Our relationship to a statue, or a building, or a sign is always changing. Often the change is so gradual, happening over decades and generations, that the monument – the version of reality it embodies – simply recedes into the background. Of its time: this is the explanation we reach for as we shrug and walk past, if we’ve bothered to look at all. We make the assumption that the past is past, that those ideas and values no longer have the power to threaten or harm, or never did.
The reality is more complicated. For one thing, this is what monuments do: they normalise the past, for better or worse. They make injustices easier to defend and, more insidiously, harder to see. For another, it’s the people most likely to defend those injustices who ultimately decide what is or isn’t threatening, not the people who have been most affected. Only the dominance of the settler majorities in the US, Canada and Australia, for example, can explain their indifference to the statues of Theodore Roosevelt, John A MacDonald, and Captain James Cook that for many indigenous peoples have long represented genocide.
But as the past resonates in unexpected ways as social and economic conditions change, so a monument’s power ebbs and flows. Its semiotics are always volatile. What the Oxford Rhodes represents to students of colour and their allies right now might be closer to what it represented to their counterparts in the 1960s, when the lived experience of colonialism was fresh, than either would be to Chaudhuri’s cohort in the early 1990s, when – as Chaudhuri points out – multiculturalism was ascendant in Britain and their place in an equal, just society felt increasingly secure.
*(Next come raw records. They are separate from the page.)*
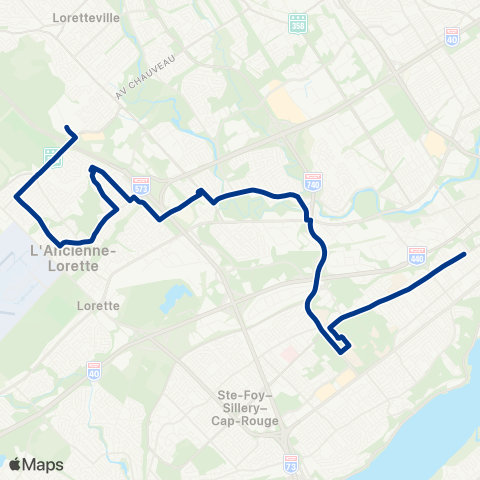 RTC Terminus les Saules / Belvédère - Chauveau map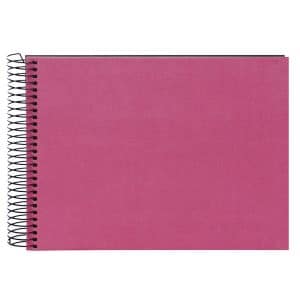 Spiraalalbum Bella Vista - 24x17 cm - Fuchsia met zwarte pagina’s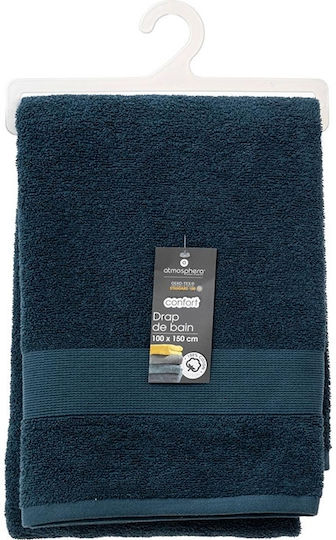 Atmosphera Badehandtuch 100x150cm Aegean Blau Gewicht 450gr/m²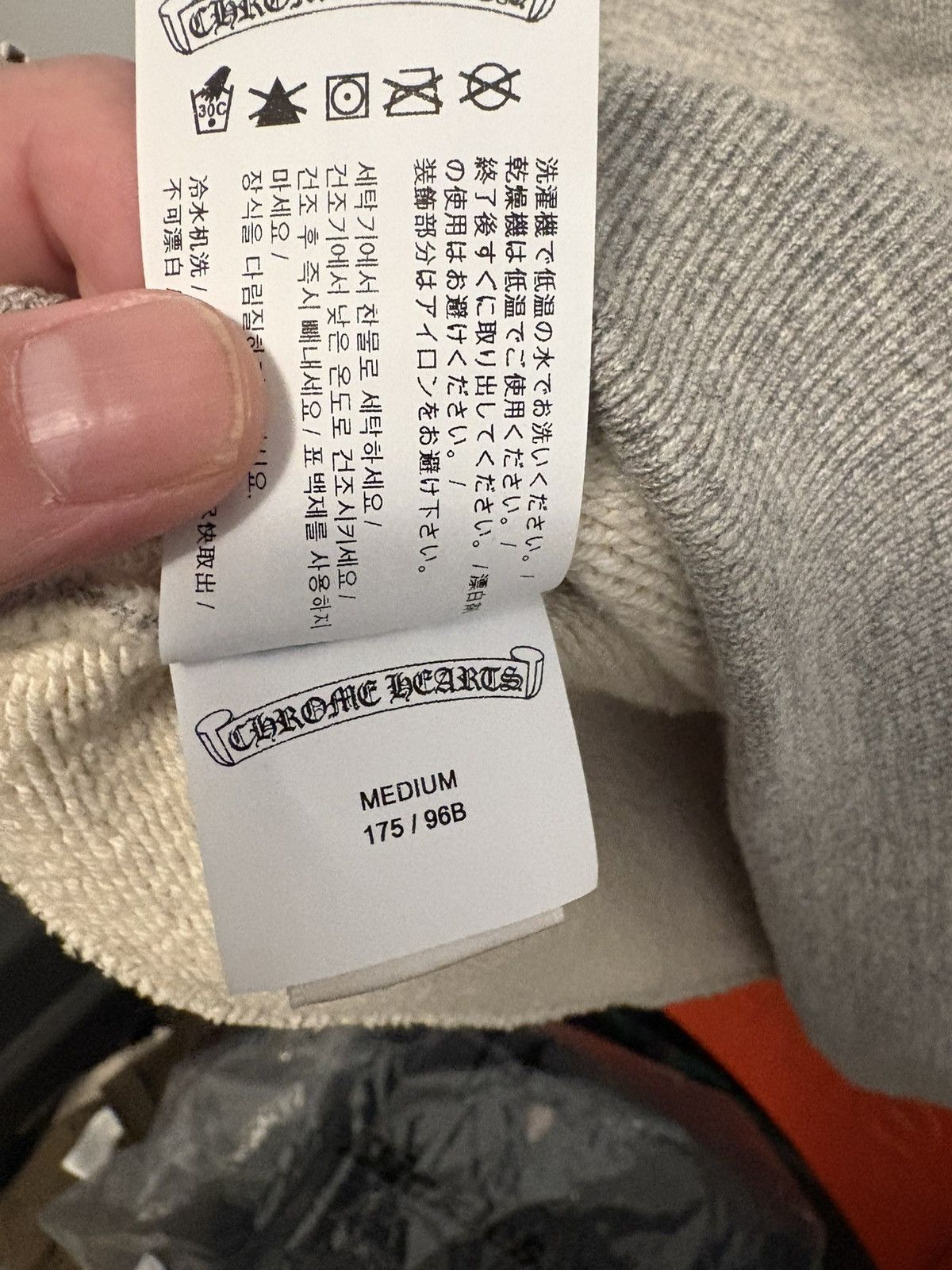 Chrome Hearts Chrome hearts scroll label cemetery cross crewneck grey M Size US M / EU 48-50 / 2 - 5 Thumbnail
The hated Rhodes statue in Cape Town was relatively uncontroversial in the 1990s. It stood for more than two decades after apartheid, as did (and do) many other white supremacist monuments across South Africa. With Mandela’s election and the transition to black majority rule, victory seemed total: the future was too bright for the past to matter very much.
The country embarked on a forward-looking restorative justice process whereby the perpetrators of apartheid were forgiven so South Africans could move on with the job of building a free and equal society. School curriculums were updated to play down the more painful aspects of the country’s past and many black parents chose not to burden their children, the “Born Frees”, with the history they had lived through and which had been so psychologically devastating. There was power in forgiveness, and in that moment of great optimism it was suddenly possible to regard the figure of Rhodes and feel pity or disgust rather than fear or anger. The statue now contemplated a city whose future, in spite of his life’s work, belonged to all South Africans. Contemporary South Africa was a living, breathing repudiation of Rhodes’s legacy. What need was there to remove the statue?